• **Task details**: Return the lines of the listing below exactly as they appear, beginning at the one with "12x50 Servietten, 3-lagig" and stopping after the one with "Prompt: organic alien"; do not include pictures.

• **Data records**:
__________

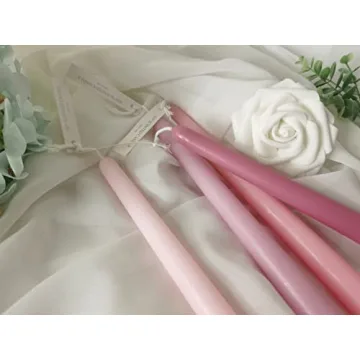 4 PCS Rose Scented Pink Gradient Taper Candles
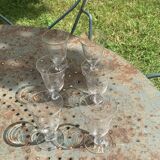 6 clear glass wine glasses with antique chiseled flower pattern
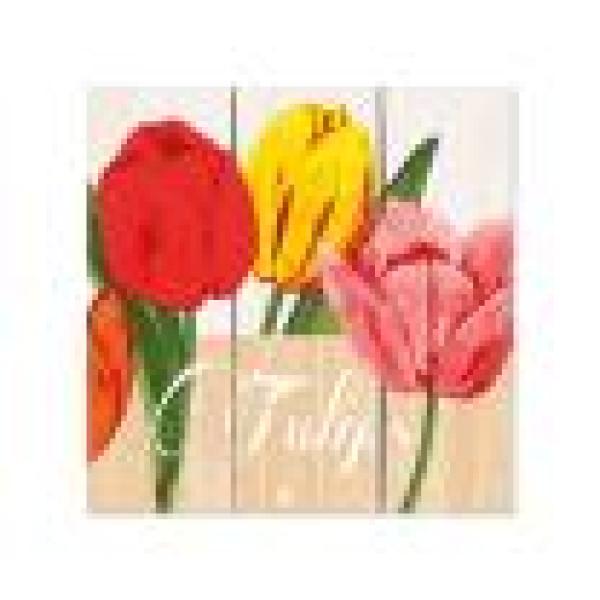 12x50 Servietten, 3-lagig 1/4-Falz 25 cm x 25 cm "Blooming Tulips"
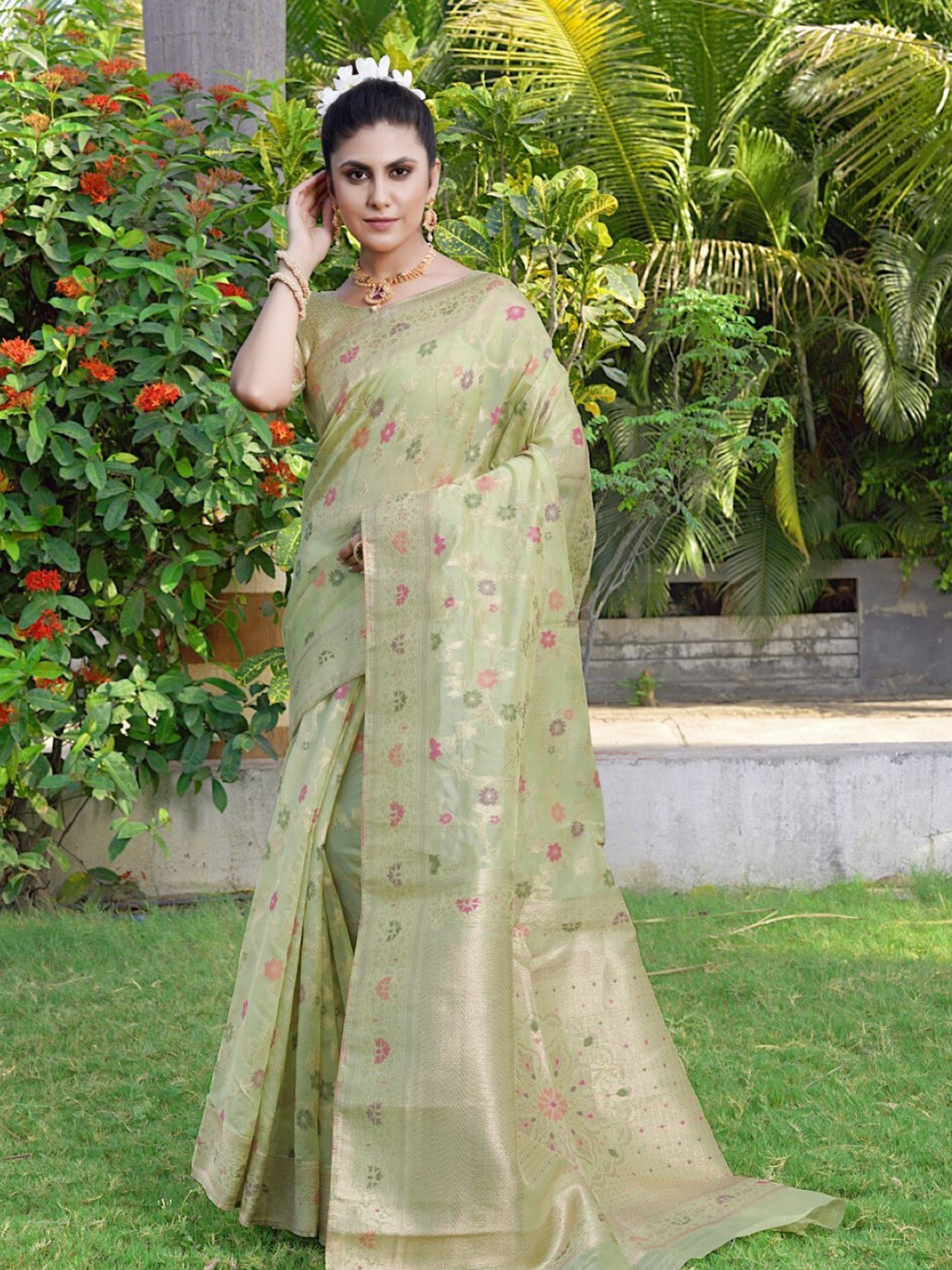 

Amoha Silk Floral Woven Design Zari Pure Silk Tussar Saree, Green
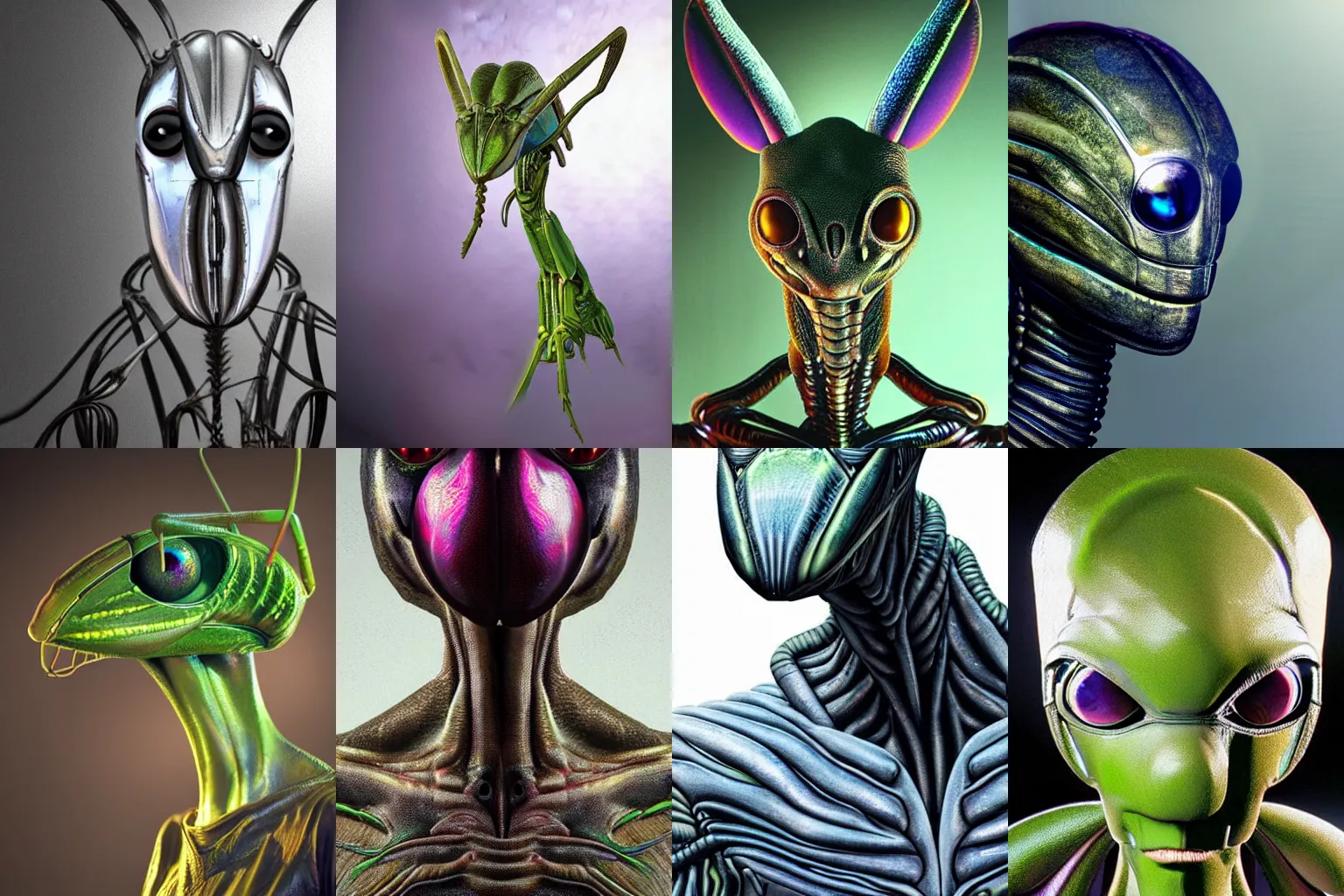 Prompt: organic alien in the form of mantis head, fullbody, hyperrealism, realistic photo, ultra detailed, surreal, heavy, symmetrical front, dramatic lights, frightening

__________

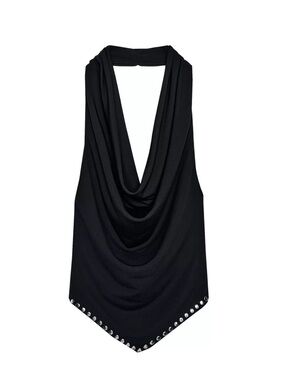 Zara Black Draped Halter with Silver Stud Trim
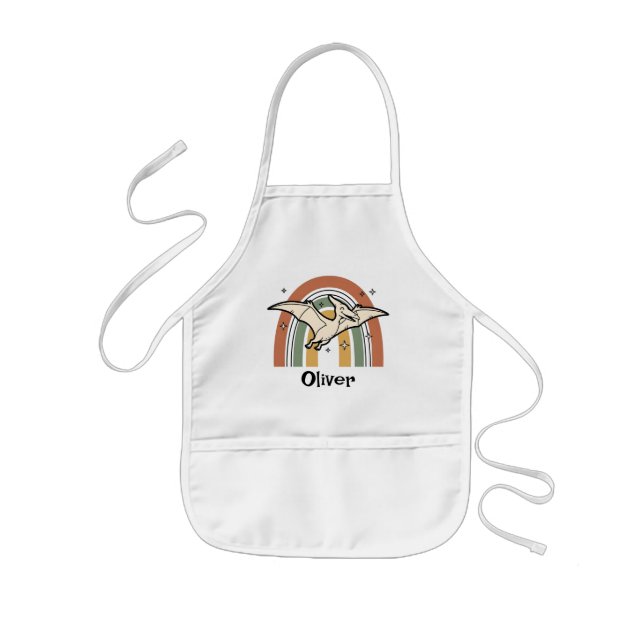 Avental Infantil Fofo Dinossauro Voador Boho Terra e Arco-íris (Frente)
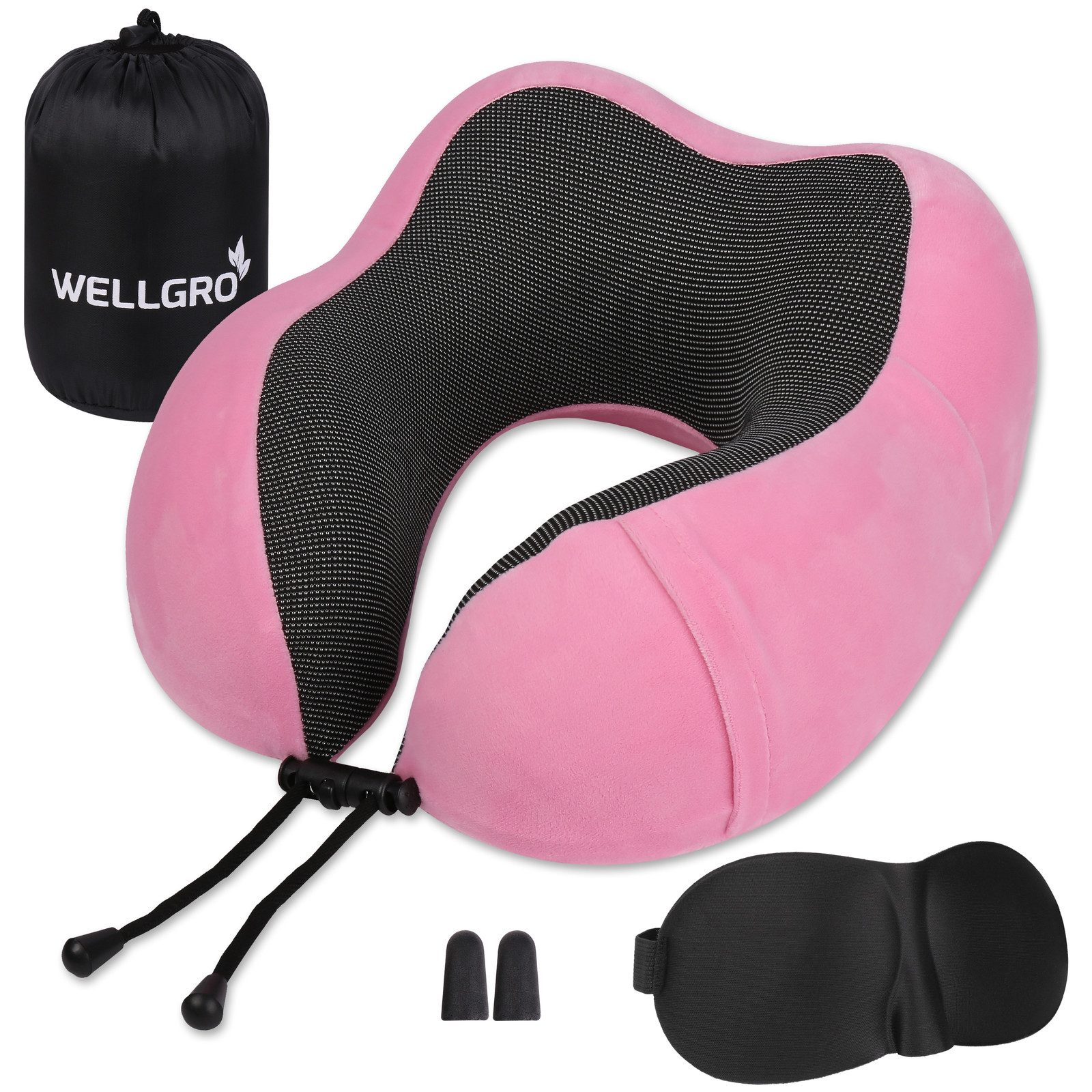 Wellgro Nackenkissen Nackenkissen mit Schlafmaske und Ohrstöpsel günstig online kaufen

__________

• **Answer for the task**:
 12x50 Servietten, 3-lagig 1/4-Falz 25 cm x 25 cm "Blooming Tulips"

Amoha Silk Floral Woven Design Zari Pure Silk Tussar Saree, Green
 Prompt: organic alien in the form of mantis head, fullbody, hyperrealism, realistic photo, ultra detailed, surreal, heavy, symmetrical front, dramatic lights, frightening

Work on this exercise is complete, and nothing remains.